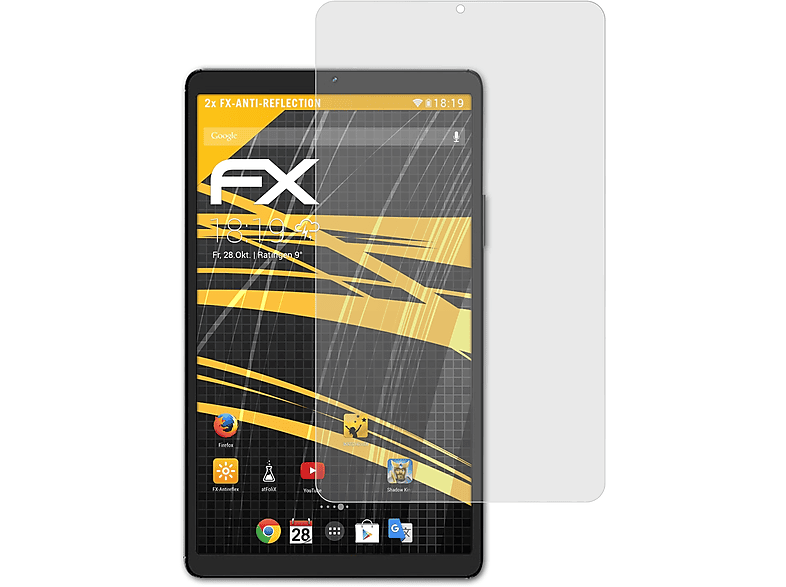 ATFOLIX 2x FX-Antireflex Displayschutz(für Realme Pad Mini)
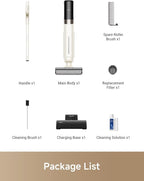 Mova K30 Wet Dry Vacuum Cleaner, 180° Lie-Flat Reach Smart Vacuum Mop, 140°F Hot Air Drying, 0in Dual-Edge Cleaning, Powerful 18000Pa Suction Floor Cleaner for Hard Floors Pet Hair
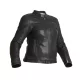 Geacă moto piele damă Halvarssons Orsa negru
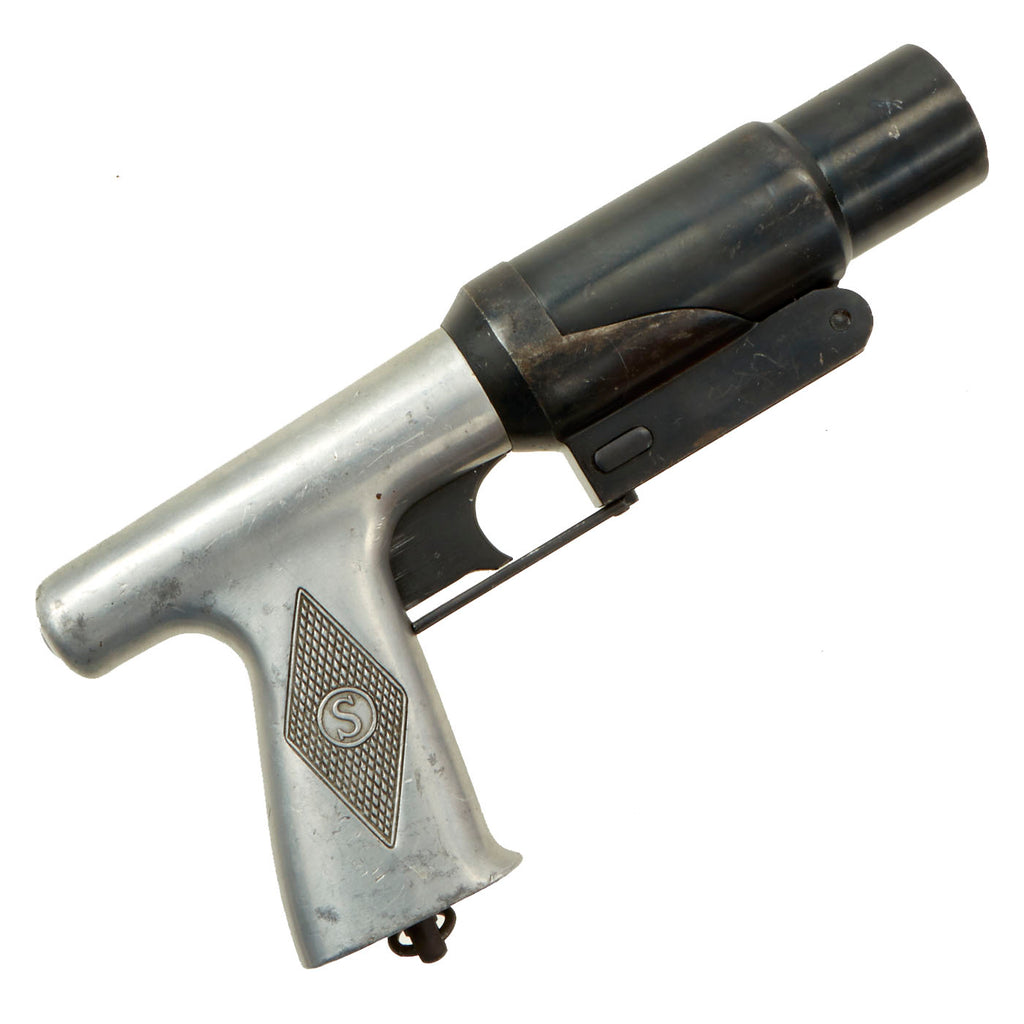 Original U.S. WWII Era Coston-Sedgley 37mm Aluminum Frame Flare Signal Pistol Original Items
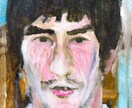 本格的な油彩画の肖像画を描きます 本物の絵の具と筆で描きます。筆後が残るアートな作風です。 イメージ1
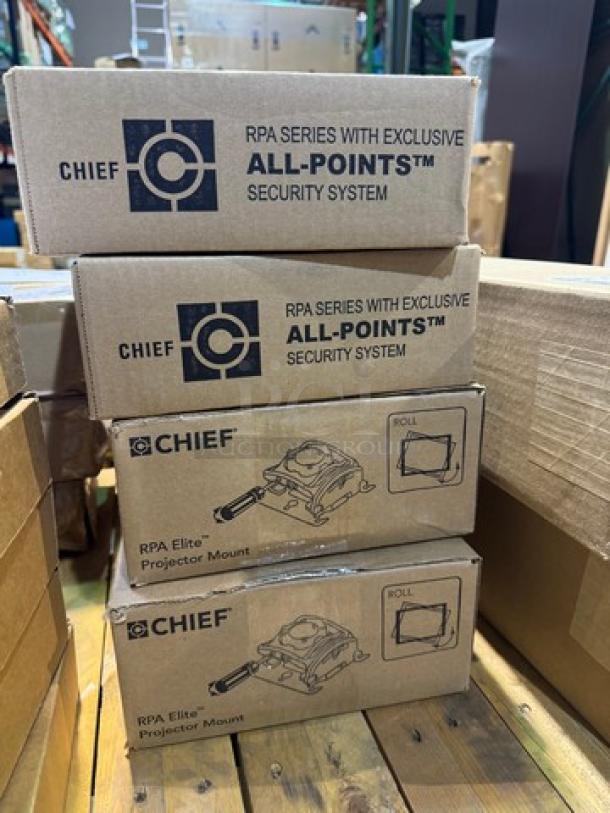 Lot of 2 Chief RPMA266 RPA Elite Projector Mounts and 2 Chief RPA266 Custom RPA Projector Mounts. New! (4xBid) - Image 3 of 9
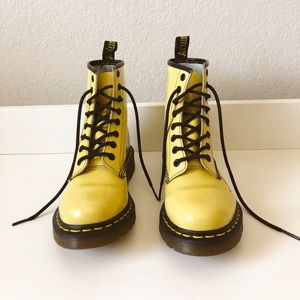 Doc Martens yellow boots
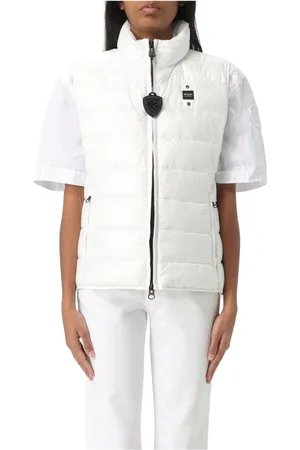 Blauer Kurtki, Kobieta, Biały, M, Elegancki Czarny Puffer Vest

□ □ □ □ □

*TASK INSTRUCTIONS*: Line by line, print the records exactly, leaving the pictures behind.

*OUTPUT FOR THIS EXERCISE*:
 ATFOLIX 2x FX-Antireflex Displayschutz(für Realme Pad Mini)
 Mova K30 Wet Dry Vacuum Cleaner, 180° Lie-Flat Reach Smart Vacuum Mop, 140°F Hot Air Drying, 0in Dual-Edge Cleaning, Powerful 18000Pa Suction Floor Cleaner for Hard Floors Pet Hair
 Geacă moto piele damă Halvarssons Orsa negru
 Original U.S. WWII Era Coston-Sedgley 37mm Aluminum Frame Flare Signal Pistol Original Items
 本格的な油彩画の肖像画を描きます 本物の絵の具と筆で描きます。筆後が残るアートな作風です。 イメージ1
 Lot of 2 Chief RPMA266 RPA Elite Projector Mounts and 2 Chief RPA266 Custom RPA Projector Mounts. New! (4xBid) - Image 3 of 9
 Doc Martens yellow boots
 Blauer Kurtki, Kobieta, Biały, M, Elegancki Czarny Puffer Vest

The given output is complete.